I’m always looking for great recipes for my wild turkey harvests, and a friend gave me her pot pie recipe. It’s delicious, hearty, and my family loves it. While there are a few steps, it is actually really easy to make. You can prepare this as a make ahead dish. Bake, cool, wrap, and freeze it for later. I’ve also had an instance of making too much filling; not to worry. Freeze the filling and fill a pie later. Don’t you just love make ahead meals? This one is perfect on a cold winter evening.
As always, adapt the recipe to what you and your family’s taste buds like. Make it your own.
Wild Turkey Pot Pie
Start to finish: 1 hour
2 – Premade puff pastry or flat pie crusts, (Room temperature) rolled to 12″ and 14″ diameters
1/2 cup butter
4 carrots, washed and chopped
4 celery, washed and chopped
1/2 – small yellow onion, peeled and finely diced
2 – Whole wild turkey breasts, boiled 30 minutes, drained, and chopped.
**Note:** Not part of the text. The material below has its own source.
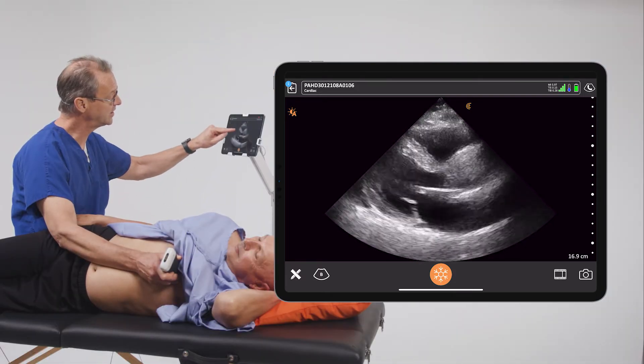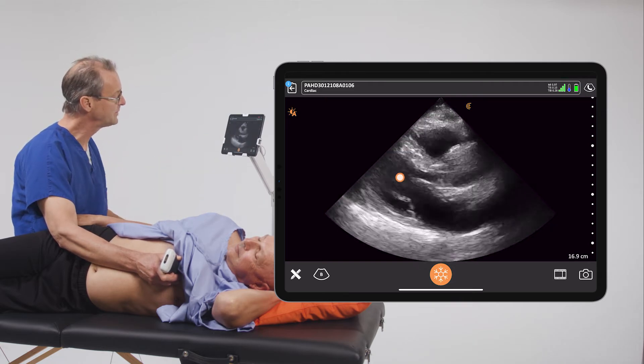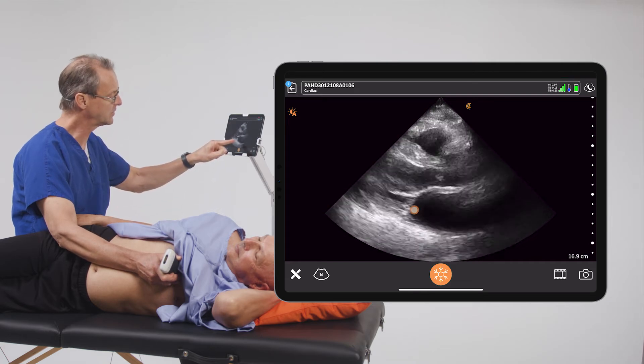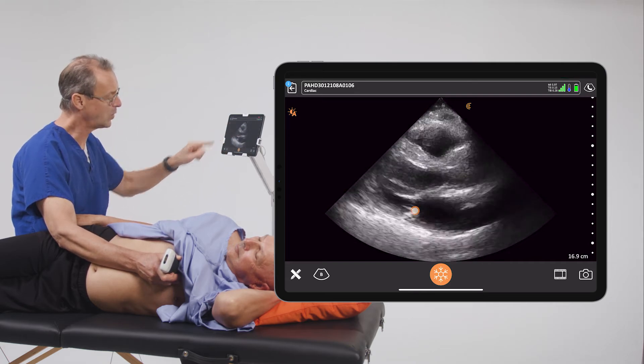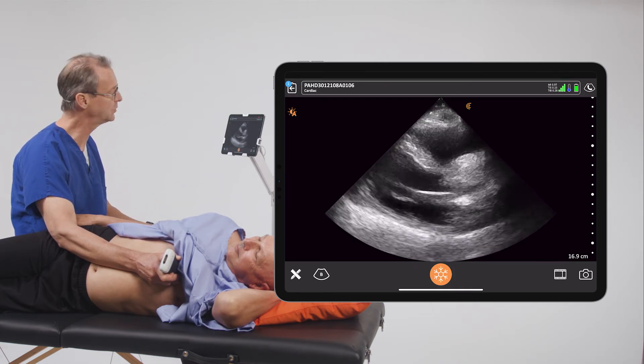He also has excellent contraction in the axial plane, as we can see in this part of the image. We can also see that the annulus of the mitral valve moves quite a bit towards the apex of the heart — another indicator of great left ventricular function in the longitudinal plane.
Makes approximately 3 cups. (You may substitute chicken or turkey from your grocery store if you haven’t had a successful turkey hunting season.)
1/4 cup whole kernel corn (optional, you may substitute peas, lima beans, or other grotesque vegetables if you like.)
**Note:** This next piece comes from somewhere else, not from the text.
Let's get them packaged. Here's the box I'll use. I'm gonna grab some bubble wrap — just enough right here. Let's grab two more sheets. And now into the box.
1/3 cup all-purpose white flour
2 cups chicken broth
1 chicken bouillon cube, crushed
1 cup heavy cream
1/4 teaspoon ground thyme
1/4 teaspoon ground black pepper
1 to 2 teaspoons salt
Preheat your oven to 400 F. Roll your bottom pie crust to approximately 14″ in diameter, to fit a 12″ round casserole. (If you don’t have a 12″ large casserole, you may use two 9″ pie plates or pans. You’ll need to add two pie crusts to your ingredients list, but there is no need to adjust the other items.) Press the crust into the bottom of the dish and up the sides, pierce the bottom with a knife or fork, and place it into the oven.
While your bottom crust is baking, prepare the filling. Bake the crust until it’s golden brown, approximately 10 – 15 minutes, then set it aside to cool.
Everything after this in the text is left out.